Thursday, November 25, 2010

Thanksgiving

It’s a long line of 390 American meals, from that first mythical Thanksgiving in 1621 to today. Thanksgiving is our secular Yom Kippur, shared in the Americas by everyone across cultures and religions, no matter where you were born or how you will die, a day of thanks and atonement, when you greet your family with love and food (are they different?) and join to think about what’s good in your life, what’s real, what matters.

Thanksgiving is unique in that it celebrates not military victory, or religious myth, or how our culture and way of life is best, but a simple meal. It’s a holiday not just with food traditions, but, at its heart, about food. With no historical or religious basis other than a meal that someone decided to write about, it is unique in the world as holiday created for and sustained by households, about house holding.

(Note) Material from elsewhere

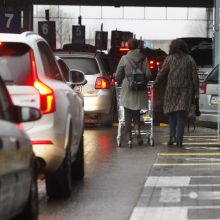 Akcijų ištroškę klaipėdiečiai šturmavo parduotuves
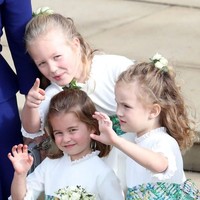 Sadar kamera, Putri Charlotte tersenyum dan kembali melambaikan tangan ke arah fotografer. Foto: Getty Images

Thanksgiving serves faith over religion, ordinary people rather than heros, and, ironically, production and creation rather than purchase and consumption. It remains unique in American culture as a holiday that has resisted commercialization, if not escaping it entirely. As our media and politics try to rend us into competing tribes, Thanksgiving reminds us how we are alike, and that America is strong because of our e pluribus unum ethos. Sensitized in my lifetime to what Thanksgiving augured for Native peoples, even this tragic history can serve to alert us to our need to come together, even if just once a year, to remember how vulnerable all are to blind faith, unchecked consumption, military overreach, and the worship of heroes over neighbors.

When you emigrate to America you bring your culture with you. But we give you Thanksgiving once you get here, and the gift makes you an American.

I hope you are surrounded today by your loved ones, even the ones that set your teeth on edge the rest of the year. I hope you are sharing the pie from your great-grandmother’s recipe, and the Mexican chutney that your granddaughter found on line. Remember how food and tradition bind us, from the sister of your blood, to the sister of your heart, to the sisters you will never meet, but who connect you nonetheless.


Apple pie with candied wintermelon
Use your favorite apple pie recipe (mine came from my mother's ancient Woman's Home Companion Cook Book). Substitute about 1/3 of the apples with candied wintermelon. Here's how to preserve it:

Preserving wintermelon
(or any firm melon like cantelope or honeydew. This will not work with watermelon)

• Remove the outer green skin of the wintermelon and cut approximately 1 lb winter melon into finger length sticks just like french fries.
• Blanch melon by putting into a pot of fresh water with 1 tsp of baking soda, and bring to a rapid boil for 3 minutes. Transfer the melon to a colander to drain.
• Heat 2 cups of sugar with 1 pint of water in a shallow pan until dissolved. Bring the syrup to the boil. Turn down heat to low.
• Transfer the drained melon to the pot of syrup. Press a plate on top of the melon to immerse the fruit in the syrup. Bring the syrup slowly to a simmer and simmer for 5 to 10 minutes; do not let it boil.
• Take the pan from the heat and allow cooling. Do not drain. Leave it in the syrup for 24 hours whilst leaving the fruit undisturbed. Carefully lift the fruit from the syrup and leave to drain for 30 minutes.
• Transfer the fruit to wax paper or parchment and leave until dry,and store in an airtight container.

Tuesday, November 23, 2010

Things that annoyed me at the Safeway today

• I live 50 miles south of Wisconsin, the richest dairy country in the world, yet milk at Safeway comes from Colorado and California.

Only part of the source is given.